# What is expected:
Once you find the line with "Kit entretien : 1x", output it and every line after it exactly, through the last line of the listing, but no pictures.

# Dataset content:

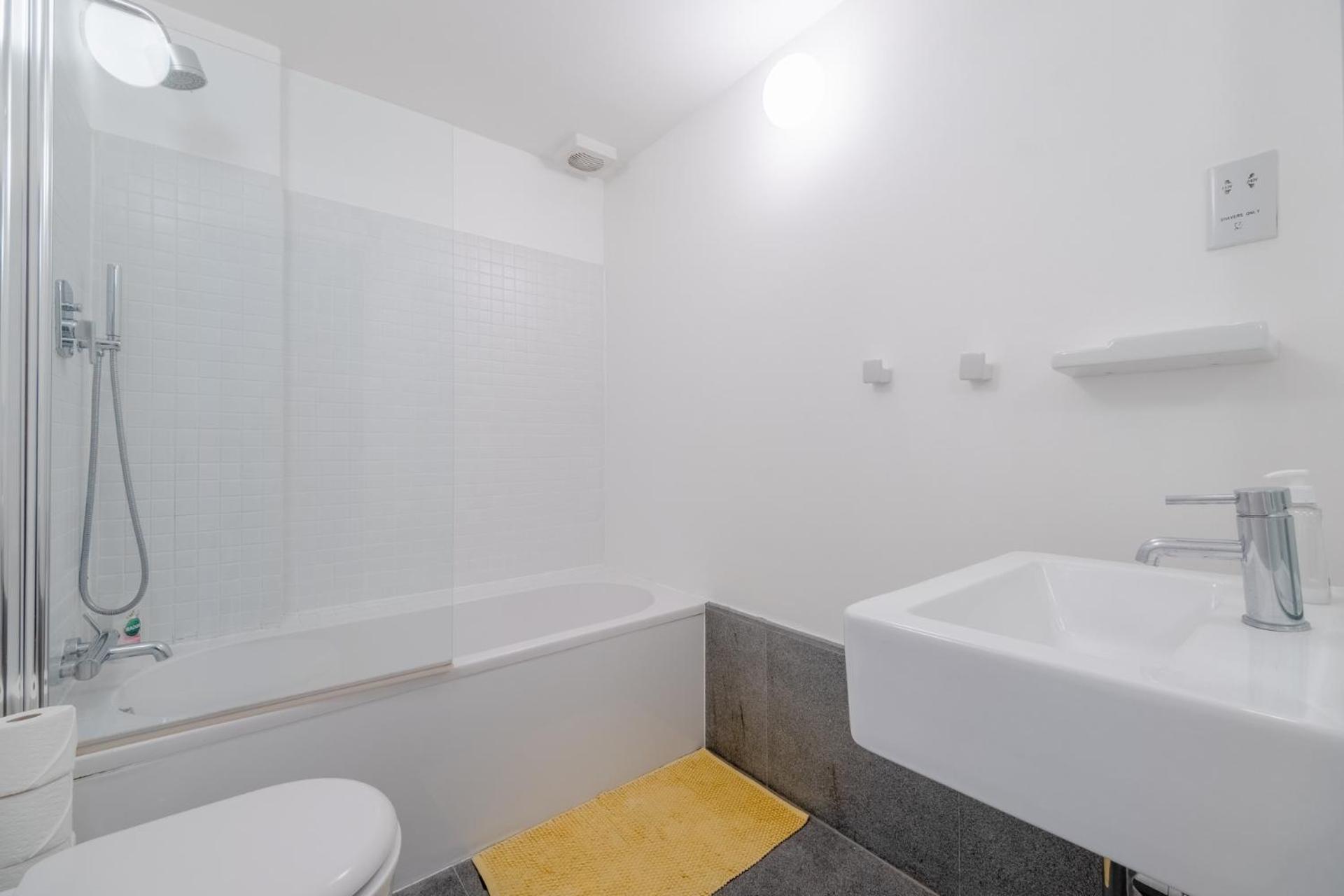 Stylish & Light Victorian 2bd Flat - Holland Park * London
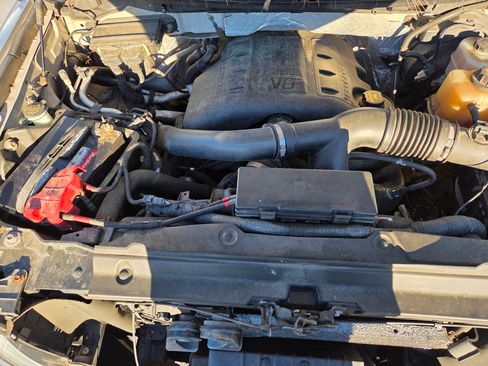 Used 2012 Ford F150 XLT w/ XLT Chrome Pkg image 14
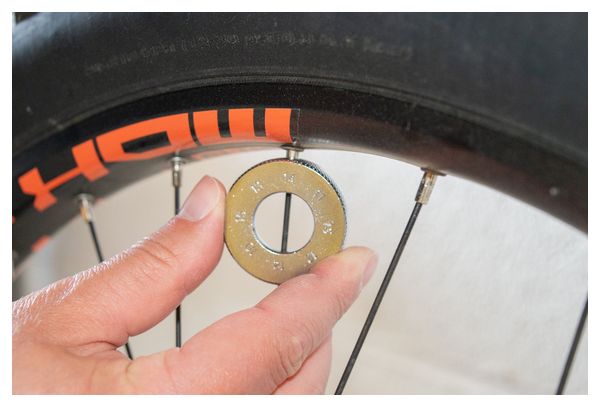 Kit entretien : 1x outil clé allen   1x serre rayon   1x outil de réparation chaîne vélo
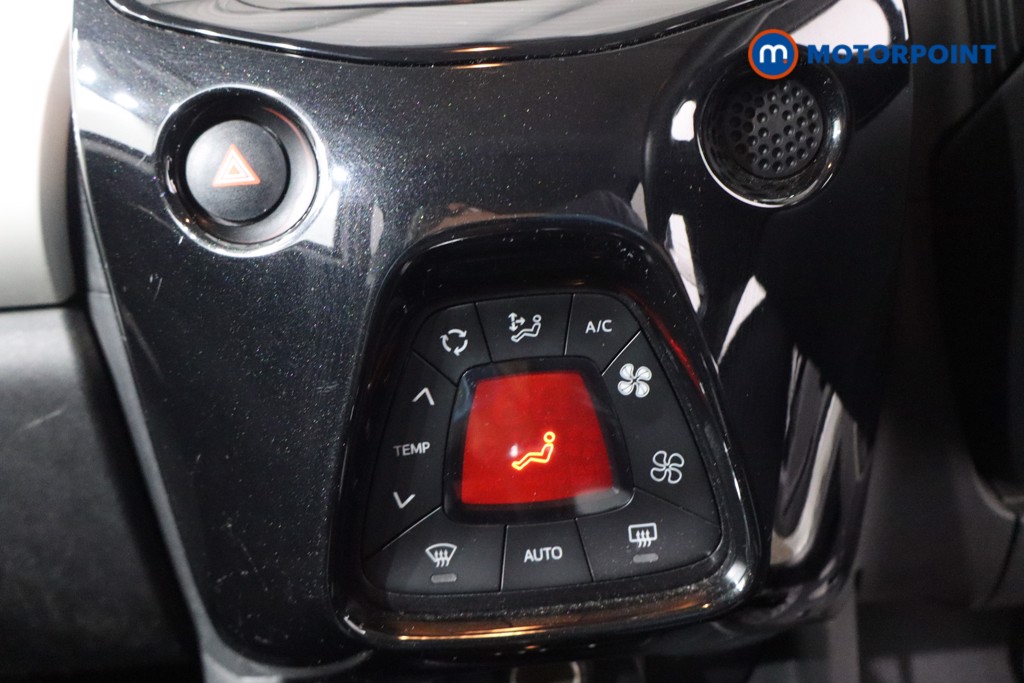 Toyota Aygo X-Press Manual Petrol Hatchback - Stock Number (1575424) - 20th supplementary image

# Written solution:
 Kit entretien : 1x outil clé allen   1x serre rayon   1x outil de réparation chaîne vélo
 Toyota Aygo X-Press Manual Petrol Hatchback - Stock Number (1575424) - 20th supplementary image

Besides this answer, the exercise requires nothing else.